BETA designed three different SMS reminders to be sent the day before reporting was due. The SMS messages included a short reminder, a cost-emphasising reminder and a benefits-emphasising reminder. The findings illustrate that any SMS option increased the number of individuals reporting by 13.5% at a faster rate than ones who did not receive a text. This further led to 1.7% in fewer payment cancellations.

=== Increasing loft insulation installation ===
Although loft insulation is essentially a zero-risk proposition, there were very few people installing it. The team discovered that people's lofts were full of junk, and provided low-cost labour to clear them; this caused a fivefold increase in the proportion of installed insulation.

In June 2012, they published a policy paper on the use of randomised controlled trials in collaboration with Ben Goldacre.

=== Benefit sanctions for disabled people ===
Tasked by the Department for Work and Pensions to investigate the effectiveness of "sanctioning" recipients of disability benefits (punishing them with fines of up to three years ineligibility to benefits for supposed bad attitudes or non-compliance), the nudge unit noted that these methods were ineffective, but rather than recommending they be withdrawn, proposed changes which might make sanctions and benefit conditionality more effective.

== Locations and international adoption ==
Behavioural insights has been used by governments across the world to successfully improve outcomes in numerous policy, program, and service areas, including retirement savings, access to post-secondary education, on-time tax payment, and healthcare. The OECD notes that 202 organisations around the world have applied behavioural insights to public policy. Many of these organisations have established their own behavioural insight teams to research the field of behavioural economics. These teams include the Behavioural Insights Unit (BIU) in the New South Wales Government and the Behavioural Economics Team of the Australian Government (BETA) in the Australian Government. Meanwhile, Harvard University and the Government of British Columbia individually have a Behavioral Insights Group (BIG and BC BIG, respectively).

=== North America ===
The North American operation of BIT is working with cities and their agencies, as well as other partners, across the United States and Canada, running over 25 randomized controlled trials in the first year of operation.

==== Canada ====
The BIT Canada office at Toronto, Ontario, opened in October 2019, working with all levels of government (municipal, provincial, and federal), as well as nonprofits and foundations. Clients of BIT Canada include the Government of Canada, Government of British Columbia, Rideau Hall Foundation, Ontario Securities Commission, University Health Network, and the Region of Peel. The Director of BIT Canada is Sasha Tregebov.
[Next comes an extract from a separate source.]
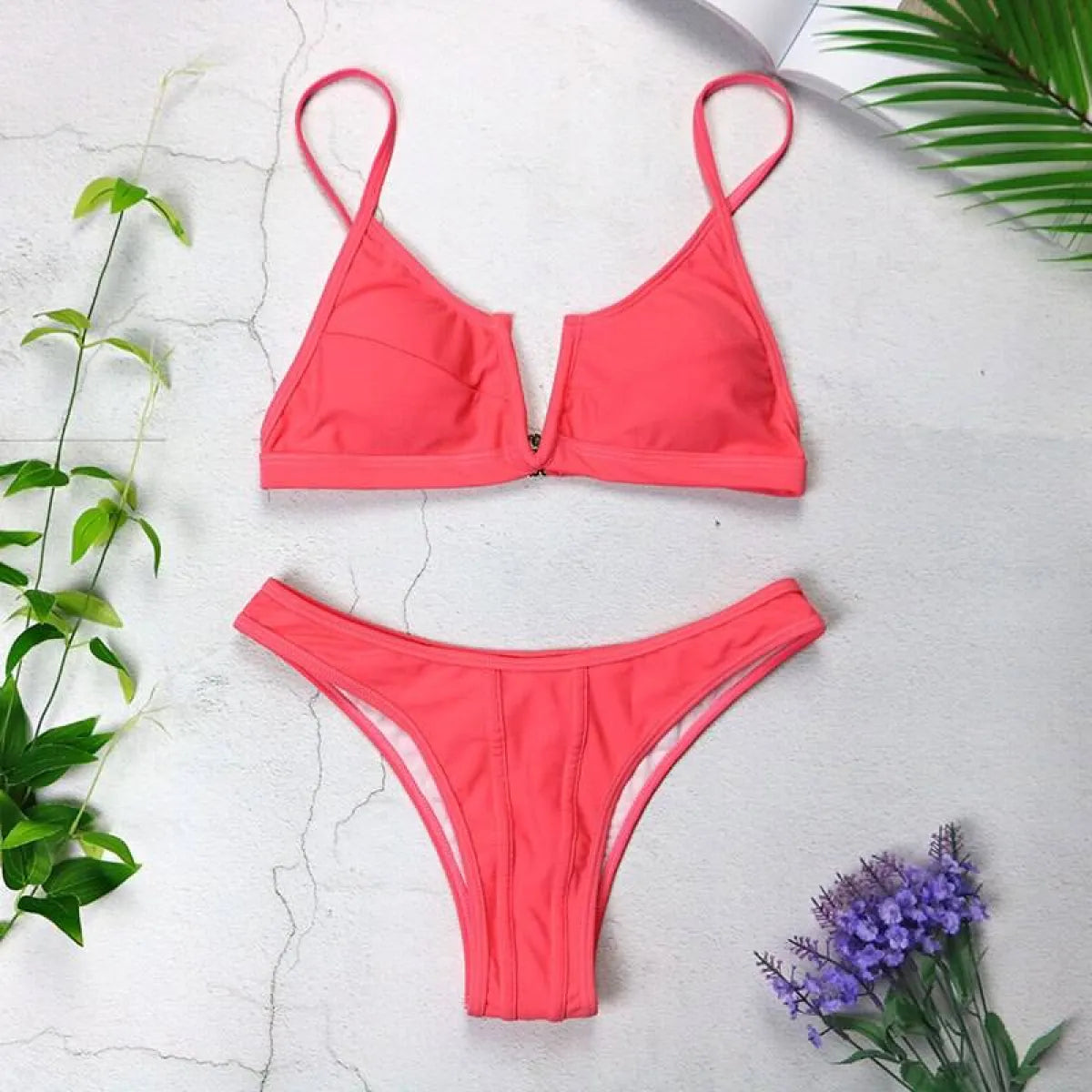 The Amélie Bikini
In 2016, Employment and Social Development Canada and the Privy Council Office's Impact and Innovation Unit (IIU; formerly Innovation Hub) launched the Behavioural Insights Community of Practice (BI CoP), a horizontal network of employees, practitioners, and researchers across the government that allows for sharing information, research methodologies, and experimentation results. This community of practice has an open model, wherein all Canadian public servants at all levels are able to take part. BI CoP also has a mandate to "include education, training, and awareness-building."

Complementing the internal BI CoP, the IIU established a Behavioural Insights Network to bring together provincial, territorial, and municipal governments in Canada that work in the field of behavioural insights.

Various provincial governments in Canada also operate nudge units:

- Government of British Columbia – Behavioral Insights Group (BC BIG), a unit of the BC Public Service Agency.
- Government of Ontario – Ontario Behavioural Insights Unit, a unit of the Centre of Excellence for Evidence-Based Decision Making, Treasury Board Secretariat

==== United States ====
BIT has expanded to the United States, setting up an office in New York City as well as in Washington, DC. The New York office works both in the United States and internationally, whereas the DC office was established in early 2020 to focus on the United States itself, with partnerships at all levels of government.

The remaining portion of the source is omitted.